# Activity
Please find the lines in the entries below that contain the word "White", and copy each one.

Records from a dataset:

- - -

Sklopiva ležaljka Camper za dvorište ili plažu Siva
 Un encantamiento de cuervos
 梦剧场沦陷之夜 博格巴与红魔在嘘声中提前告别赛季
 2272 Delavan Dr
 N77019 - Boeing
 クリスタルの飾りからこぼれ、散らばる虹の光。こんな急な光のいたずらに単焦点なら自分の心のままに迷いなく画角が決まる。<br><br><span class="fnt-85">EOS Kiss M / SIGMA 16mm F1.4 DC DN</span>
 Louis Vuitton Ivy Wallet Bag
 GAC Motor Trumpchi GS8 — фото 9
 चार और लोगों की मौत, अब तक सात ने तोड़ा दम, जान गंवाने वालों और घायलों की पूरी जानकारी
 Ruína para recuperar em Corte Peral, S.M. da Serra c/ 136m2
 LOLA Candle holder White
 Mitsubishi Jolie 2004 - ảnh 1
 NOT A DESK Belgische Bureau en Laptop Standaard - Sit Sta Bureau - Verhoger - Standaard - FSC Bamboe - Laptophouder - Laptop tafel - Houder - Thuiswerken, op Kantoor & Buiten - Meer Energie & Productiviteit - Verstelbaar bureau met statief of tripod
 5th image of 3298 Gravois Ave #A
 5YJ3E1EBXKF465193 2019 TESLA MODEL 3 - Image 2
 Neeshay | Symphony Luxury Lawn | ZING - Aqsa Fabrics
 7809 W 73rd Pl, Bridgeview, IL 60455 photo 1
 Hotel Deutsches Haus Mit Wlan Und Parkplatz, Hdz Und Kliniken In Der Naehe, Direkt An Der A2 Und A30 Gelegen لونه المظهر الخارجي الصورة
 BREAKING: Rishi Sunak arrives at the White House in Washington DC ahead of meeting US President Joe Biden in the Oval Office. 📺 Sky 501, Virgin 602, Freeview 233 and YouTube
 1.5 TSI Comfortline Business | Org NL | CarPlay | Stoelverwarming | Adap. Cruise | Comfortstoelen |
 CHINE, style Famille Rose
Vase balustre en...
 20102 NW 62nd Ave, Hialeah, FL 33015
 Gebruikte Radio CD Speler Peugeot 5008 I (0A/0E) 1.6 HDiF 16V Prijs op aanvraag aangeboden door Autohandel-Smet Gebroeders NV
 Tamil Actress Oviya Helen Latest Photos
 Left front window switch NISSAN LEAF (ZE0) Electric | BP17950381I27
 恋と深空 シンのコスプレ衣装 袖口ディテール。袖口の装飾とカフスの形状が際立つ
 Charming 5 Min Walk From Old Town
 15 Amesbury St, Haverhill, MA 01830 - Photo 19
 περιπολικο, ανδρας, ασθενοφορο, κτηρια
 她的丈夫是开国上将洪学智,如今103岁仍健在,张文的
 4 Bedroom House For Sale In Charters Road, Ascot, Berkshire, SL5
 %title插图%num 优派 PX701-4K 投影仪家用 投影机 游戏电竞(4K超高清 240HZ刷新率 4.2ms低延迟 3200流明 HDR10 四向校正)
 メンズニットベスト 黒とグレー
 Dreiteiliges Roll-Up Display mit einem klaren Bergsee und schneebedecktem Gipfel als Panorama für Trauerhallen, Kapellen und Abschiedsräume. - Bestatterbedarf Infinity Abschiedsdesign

- - -

# Response
 LOLA Candle holder White
 BREAKING: Rishi Sunak arrives at the White House in Washington DC ahead of meeting US President Joe Biden in the Oval Office. 📺 Sky 501, Virgin 602, Freeview 233 and YouTube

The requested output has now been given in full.